INSTRUCTIONS FOR THE TASK>
Please copy out all the data. Every detail stays the same.

::: SUPPLIED ENTRIES :::

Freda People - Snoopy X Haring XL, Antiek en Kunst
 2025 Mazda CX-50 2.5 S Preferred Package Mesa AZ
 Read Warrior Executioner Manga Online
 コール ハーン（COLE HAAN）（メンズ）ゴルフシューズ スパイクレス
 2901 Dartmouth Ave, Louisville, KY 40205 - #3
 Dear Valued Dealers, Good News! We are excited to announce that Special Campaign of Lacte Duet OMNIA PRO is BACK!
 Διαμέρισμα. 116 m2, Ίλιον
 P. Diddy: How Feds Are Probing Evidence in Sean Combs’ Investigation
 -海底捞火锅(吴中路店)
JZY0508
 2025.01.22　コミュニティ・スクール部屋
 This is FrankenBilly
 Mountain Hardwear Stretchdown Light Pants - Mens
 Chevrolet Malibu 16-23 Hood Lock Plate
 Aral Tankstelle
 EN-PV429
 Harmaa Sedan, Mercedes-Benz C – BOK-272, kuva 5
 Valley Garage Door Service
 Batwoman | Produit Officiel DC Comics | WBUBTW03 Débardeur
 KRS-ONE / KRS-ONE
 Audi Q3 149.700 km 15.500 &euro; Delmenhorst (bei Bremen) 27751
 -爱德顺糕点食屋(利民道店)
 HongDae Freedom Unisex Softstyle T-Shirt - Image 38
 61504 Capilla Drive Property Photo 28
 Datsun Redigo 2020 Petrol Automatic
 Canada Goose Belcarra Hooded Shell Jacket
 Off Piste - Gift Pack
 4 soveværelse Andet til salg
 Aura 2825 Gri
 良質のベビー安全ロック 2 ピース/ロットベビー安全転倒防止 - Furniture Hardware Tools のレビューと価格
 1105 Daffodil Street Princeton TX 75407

:::

EXERCISE OUTPUT>
Freda People - Snoopy X Haring XL, Antiek en Kunst
 2025 Mazda CX-50 2.5 S Preferred Package Mesa AZ
 Read Warrior Executioner Manga Online
 コール ハーン（COLE HAAN）（メンズ）ゴルフシューズ スパイクレス
 2901 Dartmouth Ave, Louisville, KY 40205 - #3
 Dear Valued Dealers, Good News! We are excited to announce that Special Campaign of Lacte Duet OMNIA PRO is BACK!
 Διαμέρισμα. 116 m2, Ίλιον
 P. Diddy: How Feds Are Probing Evidence in Sean Combs’ Investigation
 -海底捞火锅(吴中路店)
JZY0508
 2025.01.22　コミュニティ・スクール部屋
 This is FrankenBilly
 Mountain Hardwear Stretchdown Light Pants - Mens
 Chevrolet Malibu 16-23 Hood Lock Plate
 Aral Tankstelle
 EN-PV429
 Harmaa Sedan, Mercedes-Benz C – BOK-272, kuva 5
 Valley Garage Door Service
 Batwoman | Produit Officiel DC Comics | WBUBTW03 Débardeur
 KRS-ONE / KRS-ONE
 Audi Q3 149.700 km 15.500 &euro; Delmenhorst (bei Bremen) 27751
 -爱德顺糕点食屋(利民道店)
 HongDae Freedom Unisex Softstyle T-Shirt - Image 38
 61504 Capilla Drive Property Photo 28
 Datsun Redigo 2020 Petrol Automatic
 Canada Goose Belcarra Hooded Shell Jacket
 Off Piste - Gift Pack
 4 soveværelse Andet til salg
 Aura 2825 Gri
 良質のベビー安全ロック 2 ピース/ロットベビー安全転倒防止 - Furniture Hardware Tools のレビューと価格
 1105 Daffodil Street Princeton TX 75407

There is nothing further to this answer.